Tıbbın bir de sosyal bir yüzü var çoğu zaman dile getirmediğimiz. İnsanı konu alması ve insana hizmet etmesi açısından “insan’’ odaklı bir meslek bu. Bu sebepten ötürü bir hekim; tıp, tıbbın felsefesi gibi konuları öğrenirken bir yandan da sosyoloji, psikoloji disiplinleriyle ilgili de çokça bilgi sahibi oluyor. EQ dediğimiz duygusal zeka bir hekime en gerekli özelliklerden biri aynı zamanda. Tüm bunların harmanlanmasıyla tıp ilminin hakkı veriliyor.

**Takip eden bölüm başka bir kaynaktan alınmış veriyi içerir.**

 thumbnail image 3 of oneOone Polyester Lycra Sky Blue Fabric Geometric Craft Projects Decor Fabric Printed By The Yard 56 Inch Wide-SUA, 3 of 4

Peki girişimcilik bunun neresinde?
Girişim; bir filtre. Girişim; bir gözlük. Bunu kullanan yahut takan kişinin hayat algısı değişiyor. İki farklı kavramı sentezleyip, bu kurduğunuz bağdan bir gelir modeli elde edebilme halinizi girişim olarak adlandırmak mümkün. Özellikle tıbbın insan merkezli bir alan olması ile girişimin hele de sosyal girişimin insana ve topluma fayda sağlayan çözümler üretmesi arasında sağlam bir bağ kurmanın çok mümkün ve değerli olduğunu düşünüyorum. İkisinin de özünün aynı amaca hizmet ettiğini düşünmeden edemiyor insan. Bir de işin mutfağına girdiğiniz zaman tıbbı hem diğer birçok alana entegre edebileceğinizi hem de kendi içinde araştırma-geliştirmesi bol bir bölüm olduğunu görüyorsunuz. Antropoloji,sosyoloji,psikoloji gibi sosyal bilimler ile mühendislik gibi fenni bilimlerin, teknolojinin tıp ile birbirine geçmiş, oldukça grift mekanizmalar olduğunu fark ediyorsunuz.
Gerçek bir girişimci bu bakış açısını kaybetmediği takdirde her alanda başarılacak, el atılacak, girişilecek ve üretilecek bir değer bulacaktır. Yeter ki gördüklerimizin özünü, felsefesini ve mekanizmasını özümseyip, değer üstüne değer katmayı düstur edinelim. Girişim kendini zaten meydana getirecektir.